Ever since Texas A&M and Texas concluded (paused?) their rivalry on the field when the Aggies left for the SEC, the two sides have traded barbs with public comments to play the part of rabble-rouser to their rival.
Texas AD DeLoss Dodds has done as much as anyone, stating the SEC had a "sliver of the East side" of a presence in Texas, and back in March, reiterating that Texas will "get to decide" when the two teams play again.
Texas A&M president R. Bowen Loftin responded to the "sliver" comment by speaking for the state. "We think Texas in now SEC territory. It's a little bit of an extreme to say we're a sliver in the East there," he said.

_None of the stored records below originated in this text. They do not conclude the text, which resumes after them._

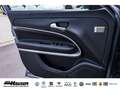 Jeep Avenger Elektro Summit NAVI KAMERA EL. HECKKL. LED ACC Grau - thumbnail 19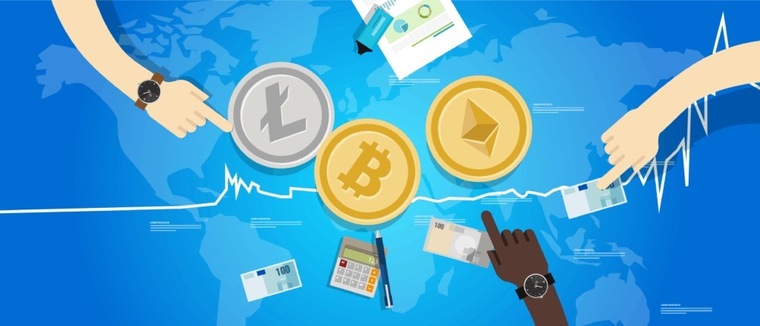 Crypto Geek cover image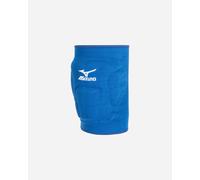 Mizuno Vs1 - Ginocchiere Volley S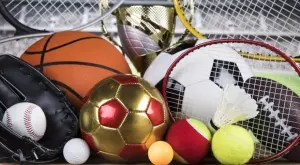 Спортът и мачовете по ТВ: Ето какво да гледаме днес, 5 юли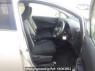 Used 2010 AT toyota ractis NCP120 Image[11]
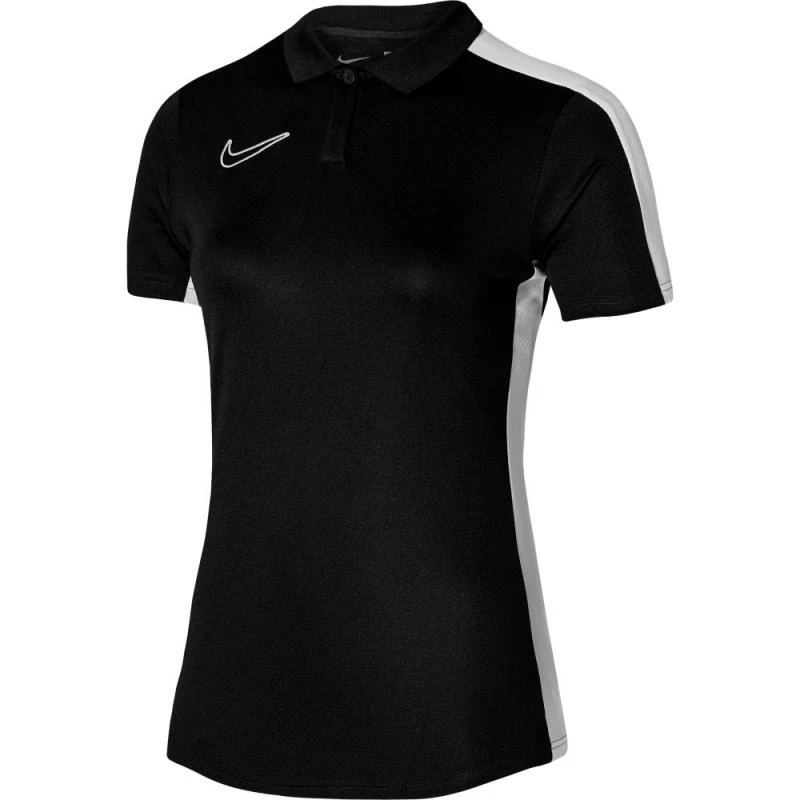 Nike Academy 23 Polo Damen DR1348 3 Nike Academy 23 Polo Damen DR1348 – Bild 3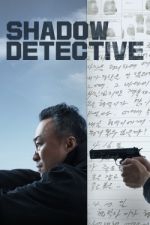 Watch Shadow Detective 123MovieFree
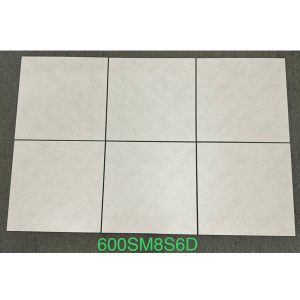 gach-op-lat-vietceramic-60x60-600sm8s6d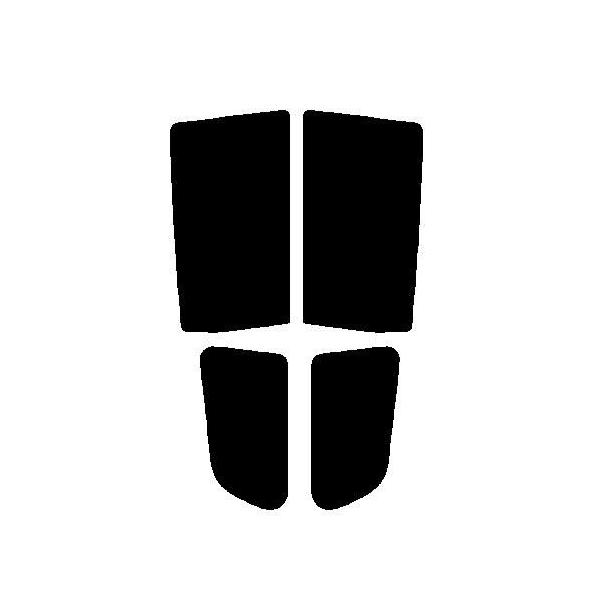 [TChKX̂ fM~[tB@ g^@WISH EBbV ZNE10GEZNE14GEANE10GEANE11W Jbgς݃J[tB@Y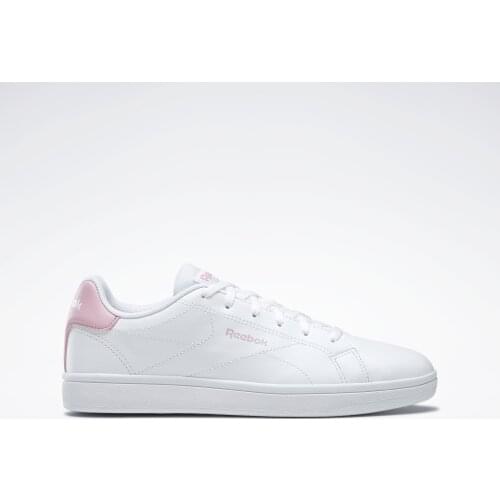 REEBOK Women's Shoes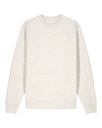 Changer 2.0 Crewneck Eco Heather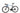 Trek Emonda SL5 2022 - Shimano Ultegra Di2 2x11sp - Bontrager Aeolus Pro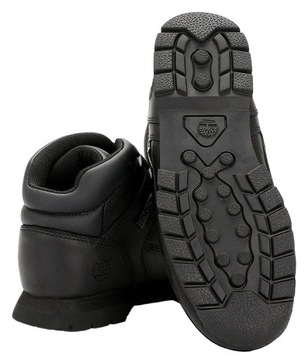 Buty TIMBERLAND EURO SPRINT A13KB rozmiar 38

At last week's SEC meetings, a reporter asked the Aggies' prominent bowtied leader if he had any one liners to lob the Longhorns' way.
Yes, and no, was apparently the answer.
"I don't have to make it anymore," Loftin said of A&M's former Big 12 rival, as he walked away. "It's not relevant to us anymore, that's the whole point. It's not an important issue."
I'm immensely entertained by the form this rivalry has taken since it moved off the field. The two sides are heating up on the recruiting trail, too, but neither side has come close to crossing any lines while taking swipes at the other, and both sides seem successful in riling up rival fans with incendiary comments.
It's harmless. It's fun. Dodds sat down with reporters at the Big 12 meetings this week, but the Aggies hardly came up and Dodds didn't seem real talkative about the maroon-clad folks about 100 miles east of Austin.
Ultimately, though, it just makes me sad that we can't see these two play on the field and have these comments be a run-up to annual November games. Those would mean perhaps more than ever with the two sides tacking on a little conference pride to one of college football's best in-state rivalries.
I've said it before, I'll say it again: College football is worse off when Texas and Texas A&M don't play. Even if the off-field shenanigans when they don't are entertaining, too.